Lopa pernah menceritakan sebuah riwayat yang terjadi di Mandar, di saat dirinya masih kanak-kanak. Di penghujung tahun 1930-an, di Balanipa terjadi pembunuhan yang dilakukan oleh seorang pemuda — kasus yang menurut hukum adat harus diganjar dengan hukuman mati. Akan tetapi dalam adat Mandar, terhukum bisa menerima keringanan bila ia meminta perlindungan pabbicara (pemuka adat yang berwewenang menjatuhkan hukuman).
Enam dari tujuh pabbicara setuju meringankan hukuman, tapi seorang pabbicara sekaligus Ketua Dewan Adat bersikukuh menghukum mati pelanggar adat ini.
Hukuman akhirnya dijatuhkan. Pemuda terhukum ini dieksekusi dan meregang nyawa di atas pangkuan Ketua Dewan Adat tadi.
Siapa pabbicara yang bersikukuh agar pelanggar adat ini dihukum mati? Ternyata, ia adalah ibu kandung sang pemuda malang.
Alasan pabbicara, pemuda itu tidak datang berlindung kepadanya untuk pengampunan.

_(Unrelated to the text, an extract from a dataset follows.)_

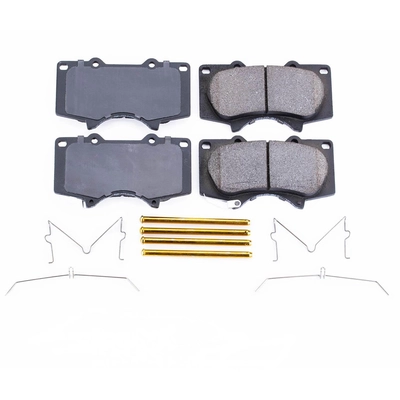 Front Ceramic Pads by POWER STOP - 17-976B pa6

“Ia pulang ke rumah ibundanya, sehingga ia tidak berhak diberi keringanan hukuman,” kata sang pabbicara.
Kisah ini begitu tertanam di benak Lopa. ”Saya amat terkesan dengan kisah itu. Bahwa penegakan hukum tak boleh terhalangi, sekalipun karena alasan hubungan darah termasuk jika itu antara ayah dan anak,” tutur Lopa pada banyak kesempatan.
Semangat pabbicara di negerinya ini, di benak Lopa, bersesuaian dengan hadits Rasulullah SAW: qulil hakka walau qaana mura’ (katakanlah yang benar, walaupun pahit).
“Rasulullah juga pernah mengatakan: sekalipun anakku Fatimah, kalau mencuri kupotong tangannya,” kata Lopa.
Dalam kitab suci Al-Qur’an, kata Lopa, “ada lebih 30 ayat yang mempersoalkan keadilan. Antara lain, dalam surat An Nisaa ayat 135, yang artinya: Tegakkanlah keadilan karena Allah, sekalipun kepada dirimu, kedua orang tuamu, dan kerabatmu. Kemudian Al-Qur’an Surat Al-Maidah. Surat Al-Maidah itu terdiri atas banyak ayat, semua tentang keadilan.
Semua menyinggung rasa keadilan,” kata Lopa kepada saya, yang lalu dimuat dalam wawancara dengan Majalah TEMPO, Rabu 14 Februari 2001 silam.
Dan dengan prinsip-prinsip itulah, Lopa mengawal hukum. Banyak yang menganggapnya bekerja dengan kaca mata kuda.